The third key point is that some types of effort yield higher rewards than other types of effort. So the example that they give in the chapter where they’re talking about this is actually of Warren Buffet. So they say that for a very long time 90% of his wealth actually only came from 10% of his investments. Basically what they talk about is that early on Warren Buffet knew that he wouldn’t be able to make the right investment decisions hundreds of times. So what he did was he selected companies that he was absolutely sure he knew what was going on with them, and he decided to invest heavily in those. And those are the companies that he ended up doing the best in.

The fourth takeaway is to take breaks and actually get sleep. Again this is a concept that goes very much against the whole Gary Vee hustle culture work all the time mentality. The book does talk about this and how it’s kind of celebrated in Silicon Valley and startups and the whole entrepreneur space that less sleep somehow equals more productivity.

When actually if you look at the science behind it, when you get better sleep, you’re able to be more productive and your thought processes are clearer. And so the book also talks about Bill Gates and how he famously takes his week. And this is just a week where he takes off from all responsibilities at Microsoft, basically just goes out on his own – reads, thinks, does whatever he wants for a week and does not work.
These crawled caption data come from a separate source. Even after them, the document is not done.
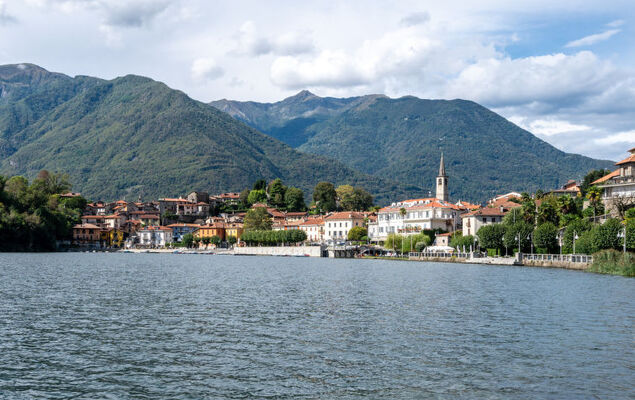 Il Glicine - Photo 36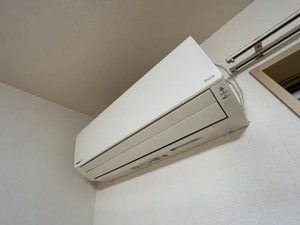 ベレオ笹口 0101号-11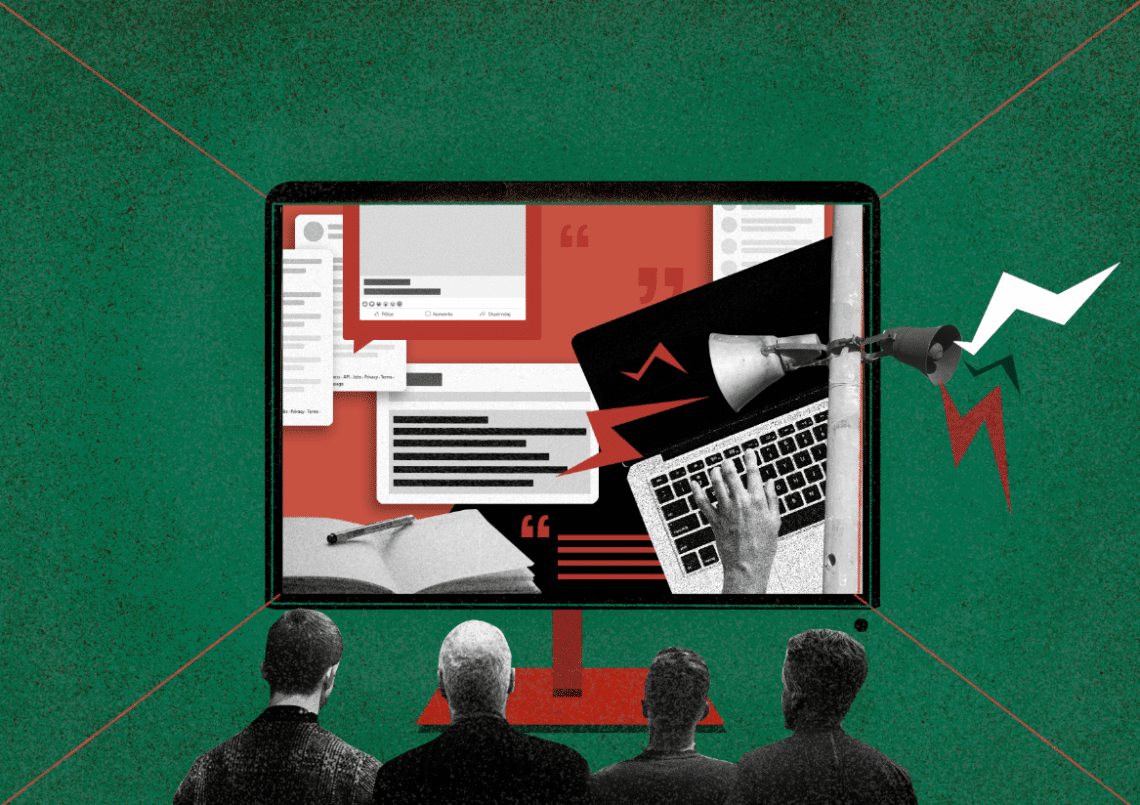 Novo ataque de hackers ligados ao Irã na Albânia destaca negligência contínua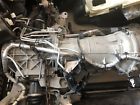 400-05114 24273222 Chevrolet Corvette Transmission Differential Carrier Assy 400-05114 24273222 Chevrolet Corvette Transmission Differential Carrier Assy
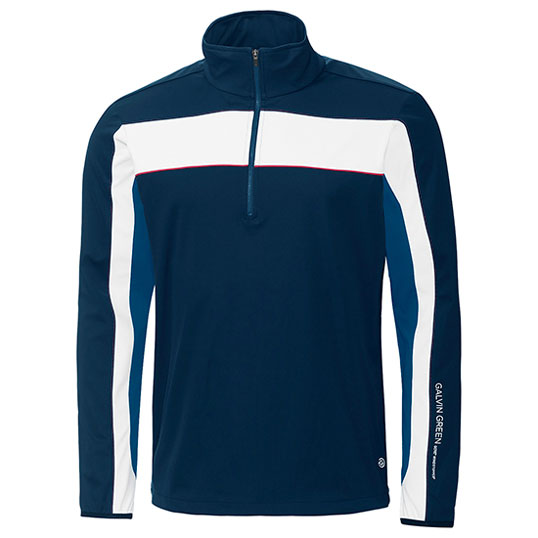 Product Image for Blake Windstopper Golf Jacket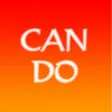 Icon of program: Can Do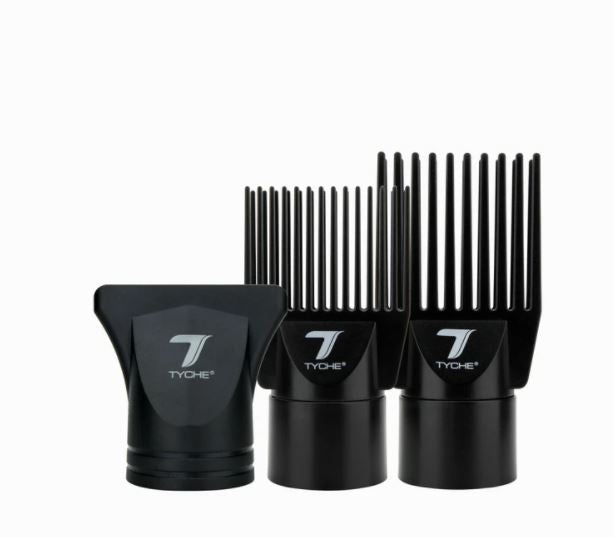 Ceramic Turbo 2800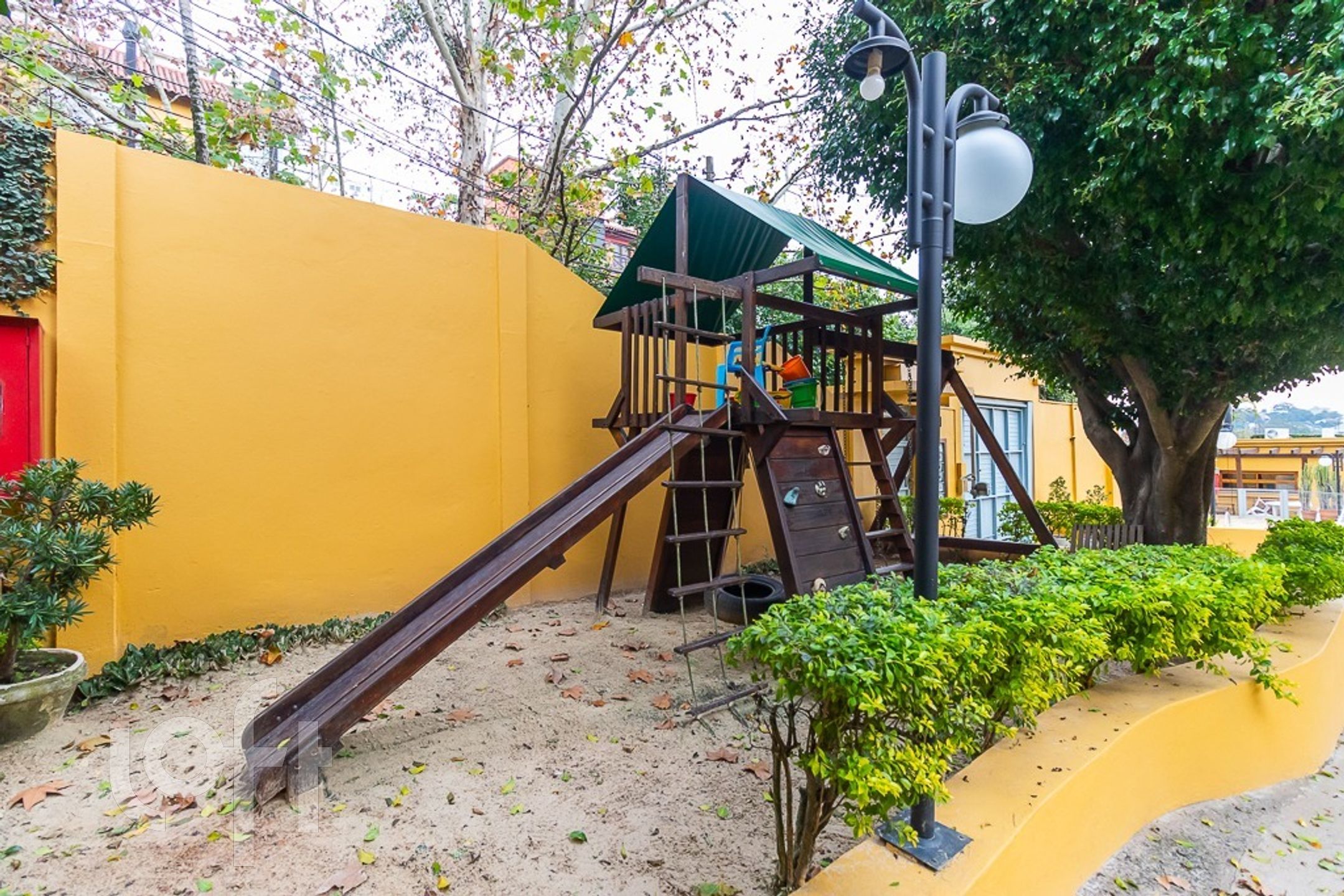 Imagem da propriedade 49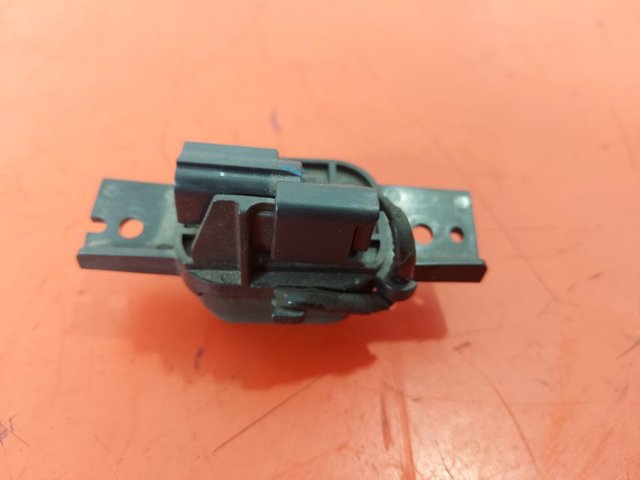 HONDA 38369TZ5A01 в наличии Кривой Рог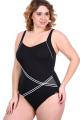 Sunflair - Sunflair Swimsuit - chlorine proof D-E cup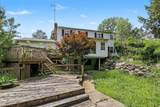 3715 Beckley Road - Photo 28
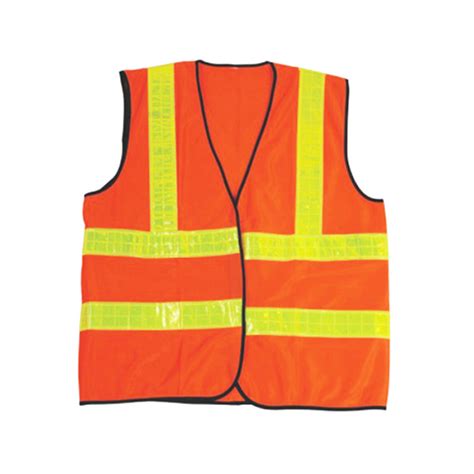 High Visibility Wear Wyler Enterprises Inc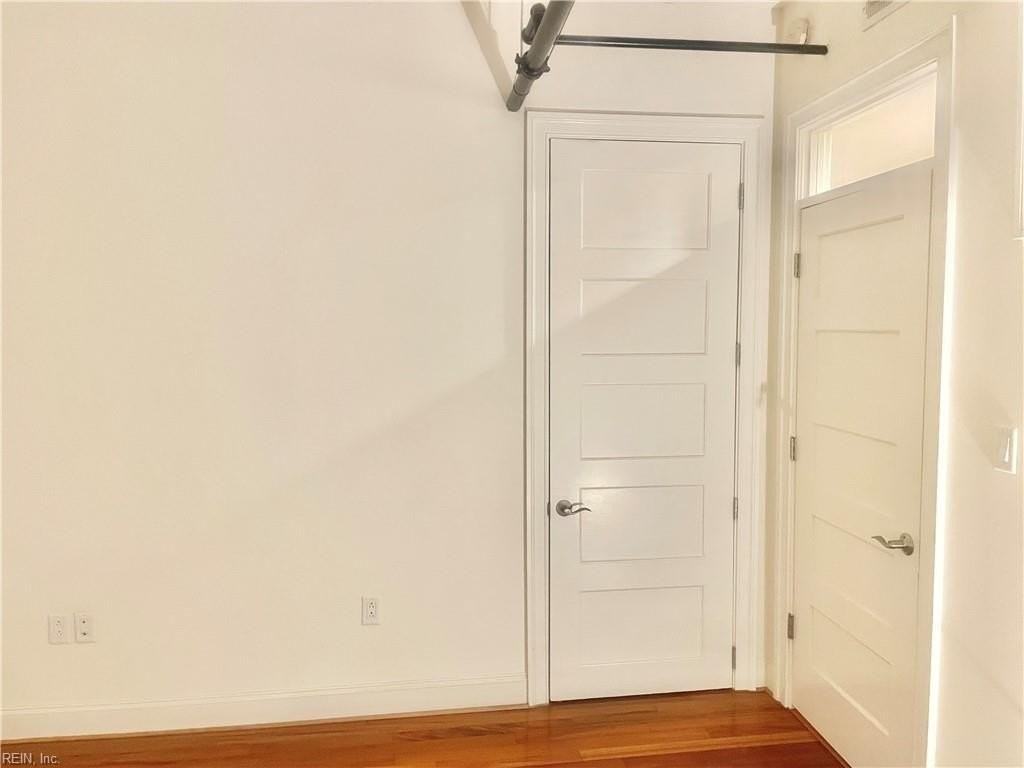 426 Granby St #2B - Photo 6 of 22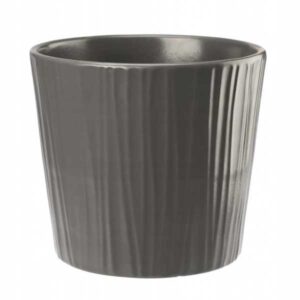 Osłonka Kaya 21 cm 21617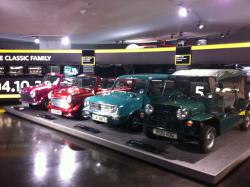 2015062620ed8515674e5e77c5ef90c2734c4cf5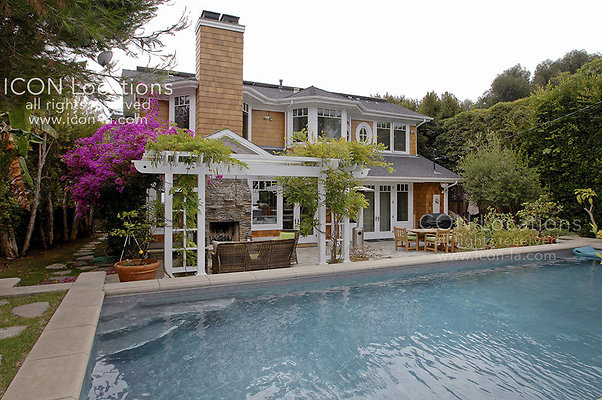 CAPE2027 138ICON CAPE2027 138ICON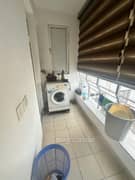 4BHK Multistorey Apartment for Rent in 3C Lotus Panache at Sector 110, Dadri Road - Photo 12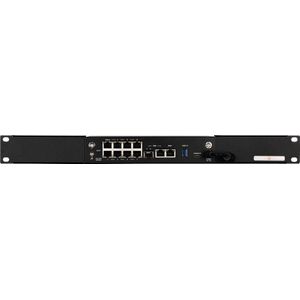 Rackmount - RM-CP-T6 - Rack-toebehoren - Montagebeugel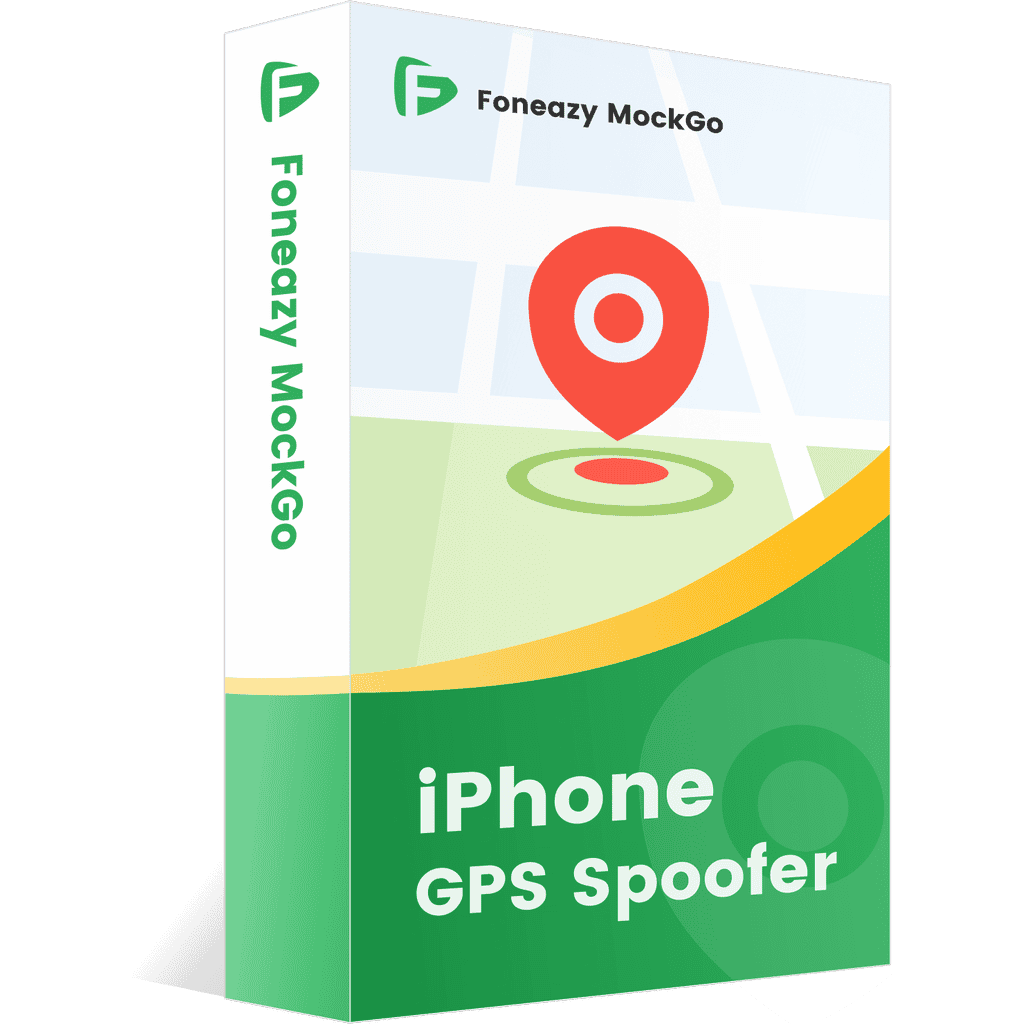 Foneazy MockGo Review Discount Coupon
So the book really encourages you to set aside some distraction-free time in a distraction-free place and really allow yourself to think and rest.

The fifth takeaway from the book is to build buffers. So whether that is with projects you’re working on, with your finances, or just with your time, we know that things don’t always go as planned. This book really encourages you to always build in that buffer to your timeline or whatever you’re planning so that you aren’t really disappointed or really surprised when extra things come up.

The sixth lesson from Essentialism is to keep a journal. And the book encourages you just to journal whenever you can, for whatever amount you can. Whether that’s a sentence or two every week, every couple of days, or even just a couple of times a month. And it really emphasizes that going back and looking at the journal is a lot easier and a lot more accurate than us just trying to remember things on our own. We forget things really easily, and so having our goals and what we’re thinking about just written down somewhere, even if it’s just a couple of sentences or bullet points. It can really help you reflect on what you’re trying to do and maybe how you can make better decisions going forward. 

The seventh lesson from Essentialism is to start celebrating small wins to get to bigger goals instead of just trying to set one giant goal and accomplishing it all at once. If you break down that bigger goal into those smaller milestones, you’re going to see a lot more progress in those. Indeed, this will motivate you to keep going. Whereas if you just set one big goal and you see very little progress on it, a lot of times that is when we experience burnout.

The eighth lesson is to start setting routines that help you eliminate the non-essential decisions and things in your life. This really helps you focus on those essential things. So not only could this just be your daily routine. But they also talk about a CEO that has different tasks assigned to different days of the week. So Mondays he does marketing, maybe Tuesdays he gets through all of his meetings, and he organizes his weekly routine that way.

It also talks about having routines for how you handle particular situations and situations where you are going to say no. So maybe if you work with clients, it’s having a routine that you go through to determine whether or not to actually onboard that client, and whether or not they are worth your time, and you kind of go through that checklist of your routine and you assess it that way.